-------- RECORDS TO USE --------
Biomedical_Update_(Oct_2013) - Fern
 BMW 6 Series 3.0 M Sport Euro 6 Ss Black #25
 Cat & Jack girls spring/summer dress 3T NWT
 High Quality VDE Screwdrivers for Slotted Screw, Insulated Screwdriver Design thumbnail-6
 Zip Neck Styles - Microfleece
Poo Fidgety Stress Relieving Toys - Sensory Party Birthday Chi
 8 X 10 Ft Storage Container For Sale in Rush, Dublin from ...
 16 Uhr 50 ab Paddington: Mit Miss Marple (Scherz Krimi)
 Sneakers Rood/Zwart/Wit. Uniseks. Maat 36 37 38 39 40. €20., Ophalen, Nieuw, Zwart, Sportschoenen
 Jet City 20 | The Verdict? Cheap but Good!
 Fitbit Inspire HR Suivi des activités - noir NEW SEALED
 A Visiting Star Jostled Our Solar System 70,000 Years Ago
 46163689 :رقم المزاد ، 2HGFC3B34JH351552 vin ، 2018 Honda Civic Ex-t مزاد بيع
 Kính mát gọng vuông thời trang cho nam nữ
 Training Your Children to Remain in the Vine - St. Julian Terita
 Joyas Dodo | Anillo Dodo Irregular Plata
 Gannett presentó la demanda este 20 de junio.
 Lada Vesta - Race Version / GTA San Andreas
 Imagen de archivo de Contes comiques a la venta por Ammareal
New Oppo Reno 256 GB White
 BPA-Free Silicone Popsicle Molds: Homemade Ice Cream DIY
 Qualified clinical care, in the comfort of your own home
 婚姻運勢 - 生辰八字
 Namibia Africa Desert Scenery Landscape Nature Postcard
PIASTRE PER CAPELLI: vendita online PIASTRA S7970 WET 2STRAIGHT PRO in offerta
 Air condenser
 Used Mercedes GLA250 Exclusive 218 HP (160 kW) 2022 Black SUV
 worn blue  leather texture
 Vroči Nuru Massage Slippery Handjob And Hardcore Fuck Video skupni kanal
--------
EXERCISE BRIEF: Scan the entries above and copy each line where "Black" occurs.

RESPONSE BELOW:
 BMW 6 Series 3.0 M Sport Euro 6 Ss Black #25
 Used Mercedes GLA250 Exclusive 218 HP (160 kW) 2022 Black SUV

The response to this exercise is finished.